_Raw data_
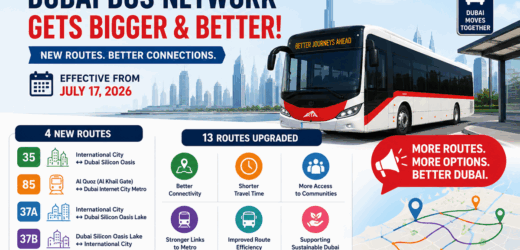 Dubai Public Bus Route Changes 2026: New Routes, Updated Services and Metro Connections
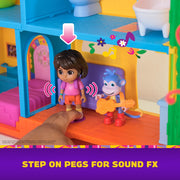 Spin Master 6072778 Dora Explore & Play Rainforest Casita Playset, Dora & Boots Figures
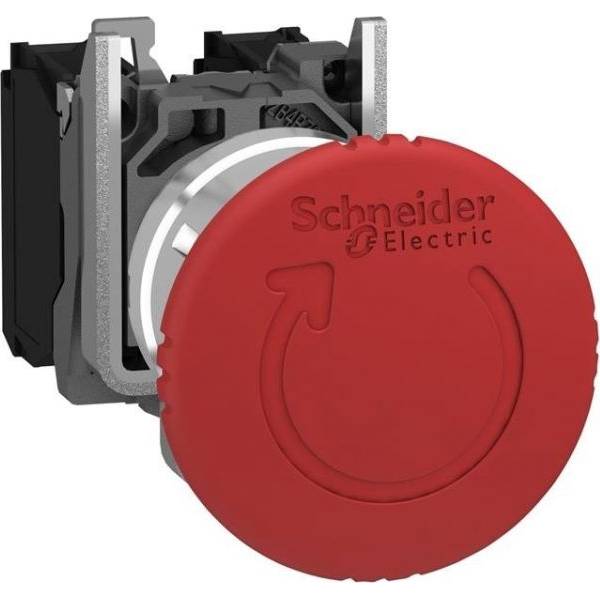 Schneider XB4BS8445 Núdzové tlačidlo červené s uzamykaním s priemerom 40 mm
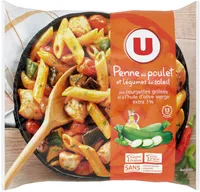 Penne au poulet et aux légumes du soleil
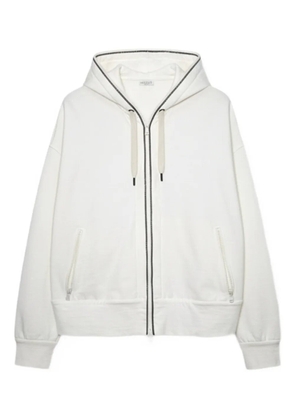 Brunello Cucinelli zip-up hoodie - White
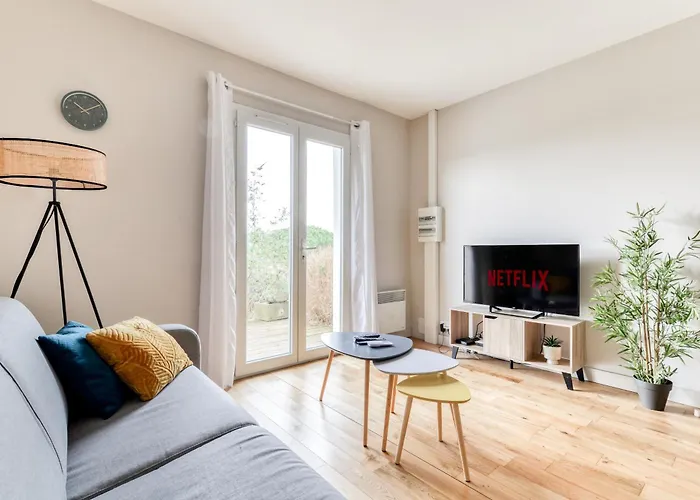 Le Soleil Du - Parking Privatif - Terrasse - Netflix - Clim קרקסון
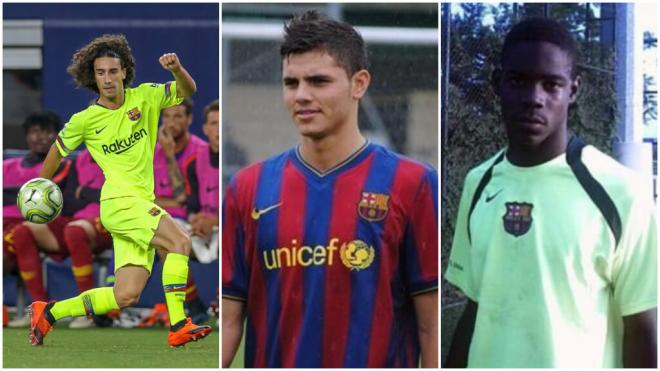 Cucurella, Icardi y Balotelli en el FC Barcelona (Fotomontaje: Cordon Press y X)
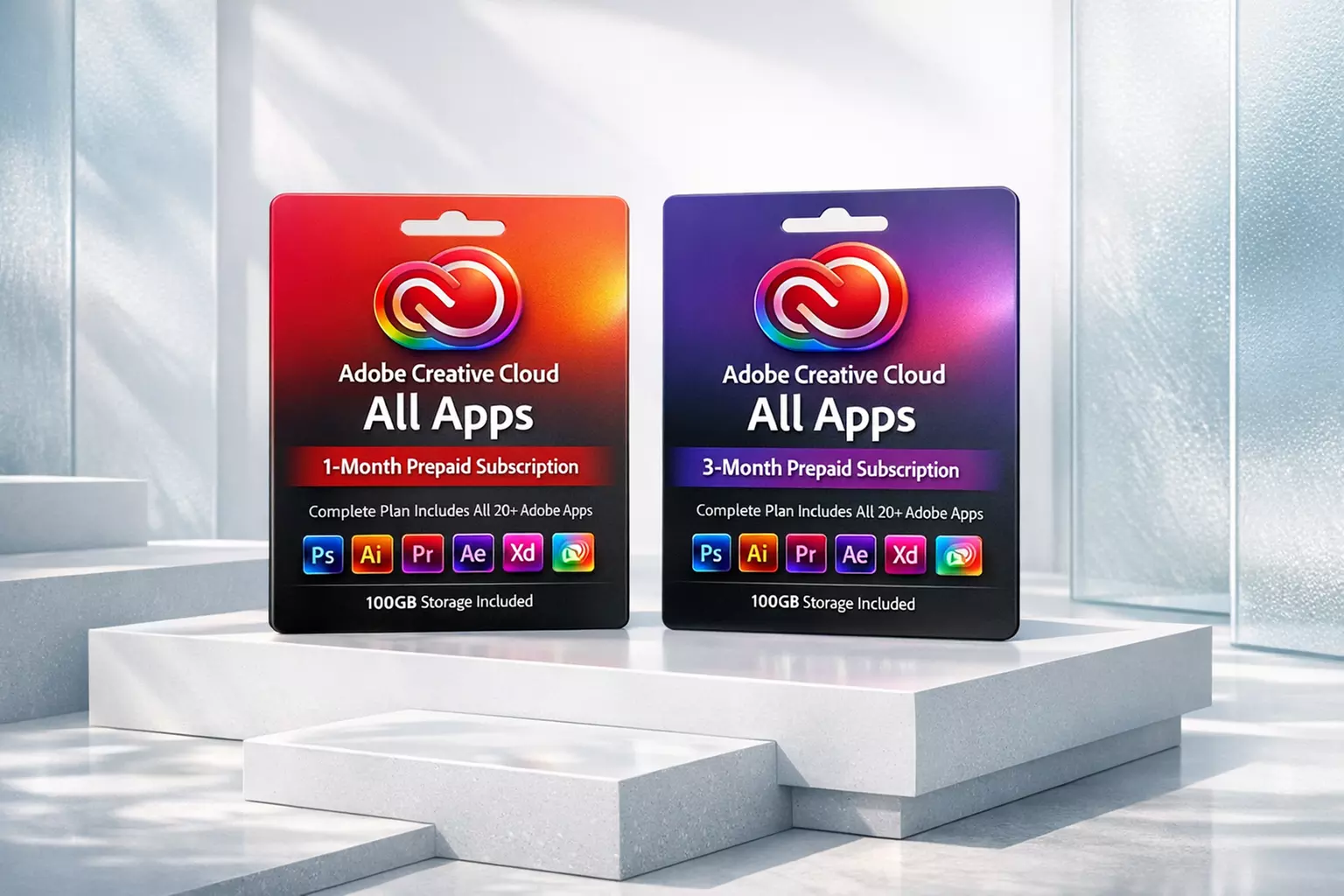 Adobe Creative Cloud All Apps Subscriptions - 1 Month or 3 Months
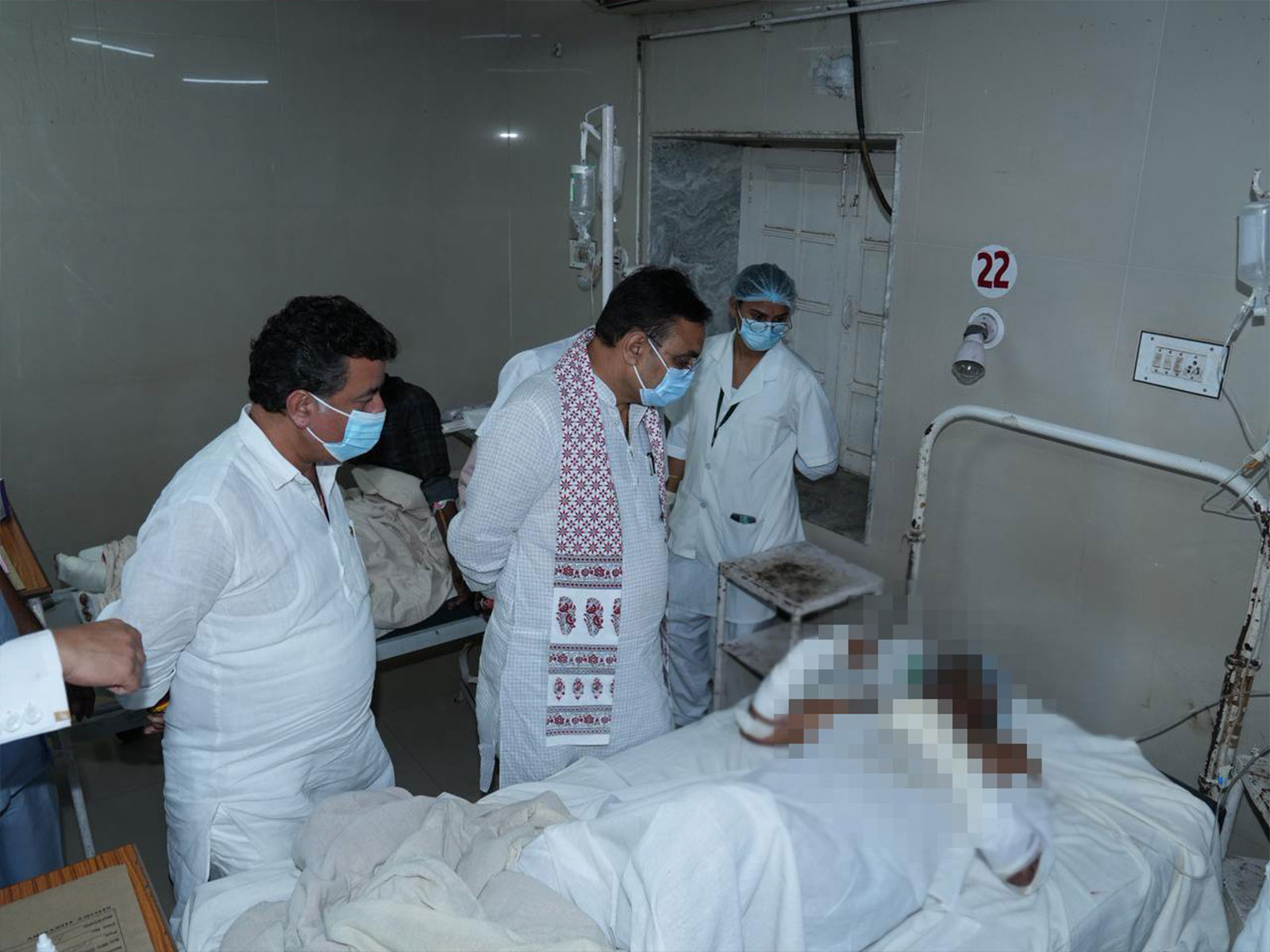 Rajasthan CM Bhajanlal Sharma at the hospital (Photo/@BhajanlalBjp on X) Rajasthan CM Bhajanlal Sharma at the hospital (Photo/@BhajanlalBjp on X)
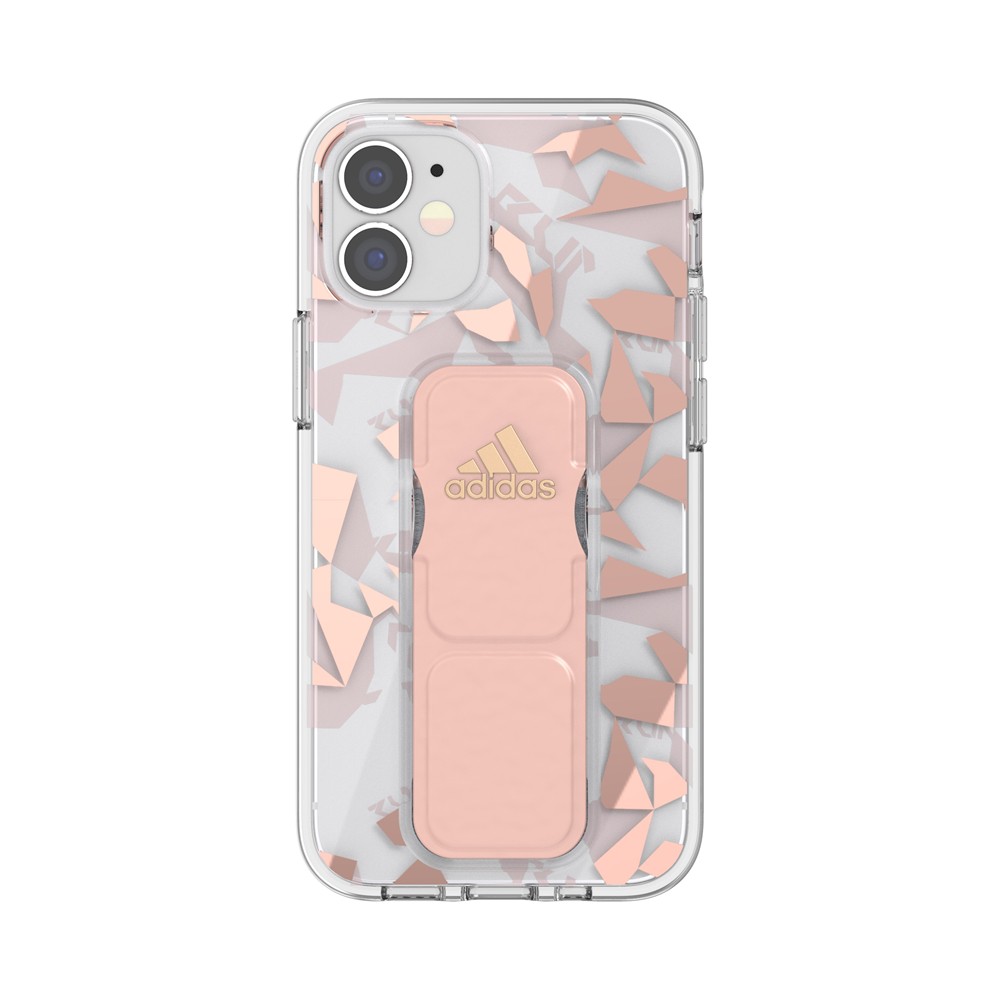 【アウトレット】 adidas アディダス  iPhone 12 mini SP Clear Grip Case FW20 pink tint ※パッケージ不良アウトレット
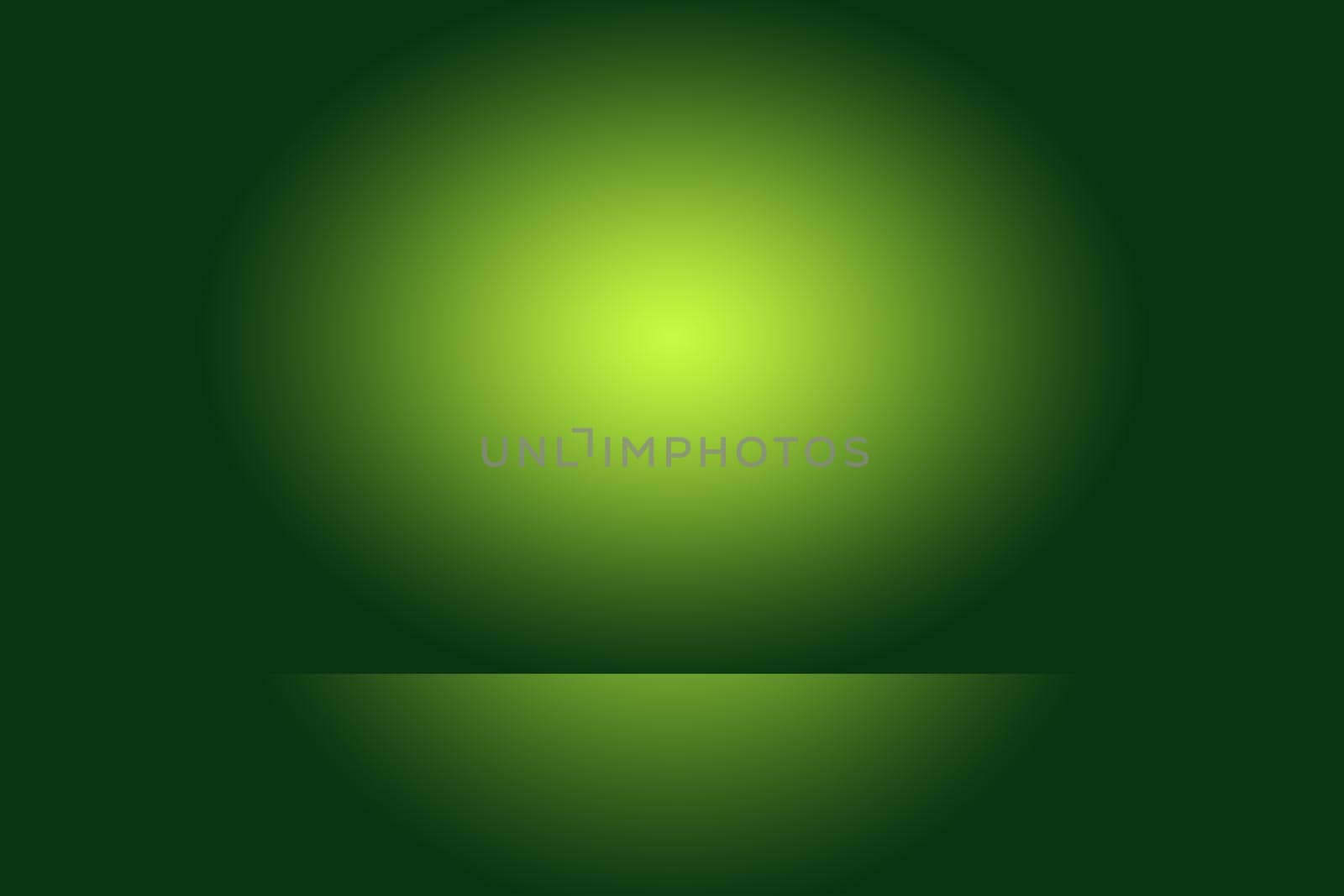 Luxury plain Green gradient abstract studio background empty room with space for your text and picture by Benzoix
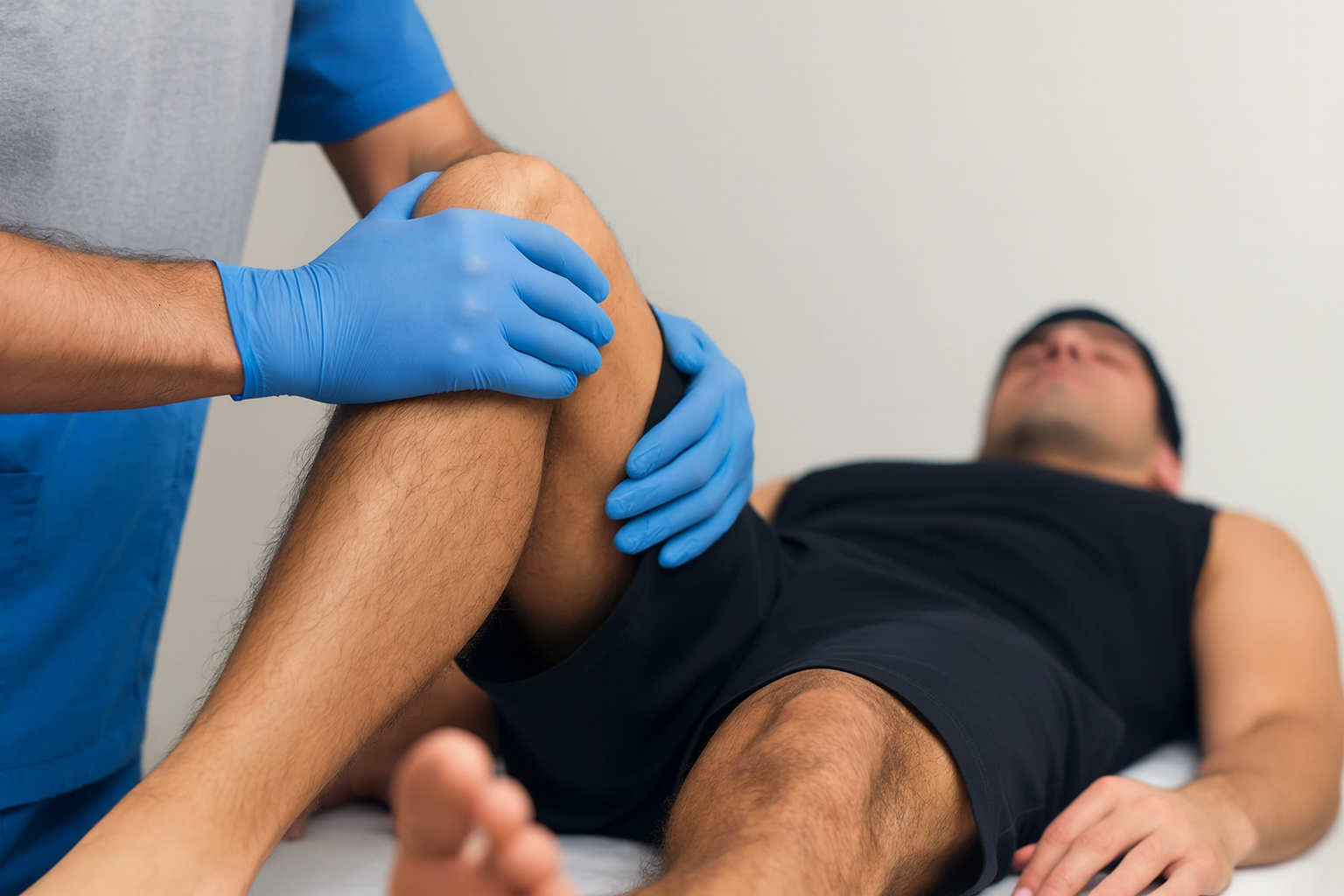 Masaje TNDR aplicado a contractura muscular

_What the task asks_
Although the records hold pictures, the copy must not; give again exactly the lines from the one with "on X) Rajasthan" through the one with "pink tint ※パッケージ不良アウトレット".

_Solution for this task_
 Rajasthan CM Bhajanlal Sharma at the hospital (Photo/@BhajanlalBjp on X) Rajasthan CM Bhajanlal Sharma at the hospital (Photo/@BhajanlalBjp on X)
 【アウトレット】 adidas アディダス  iPhone 12 mini SP Clear Grip Case FW20 pink tint ※パッケージ不良アウトレット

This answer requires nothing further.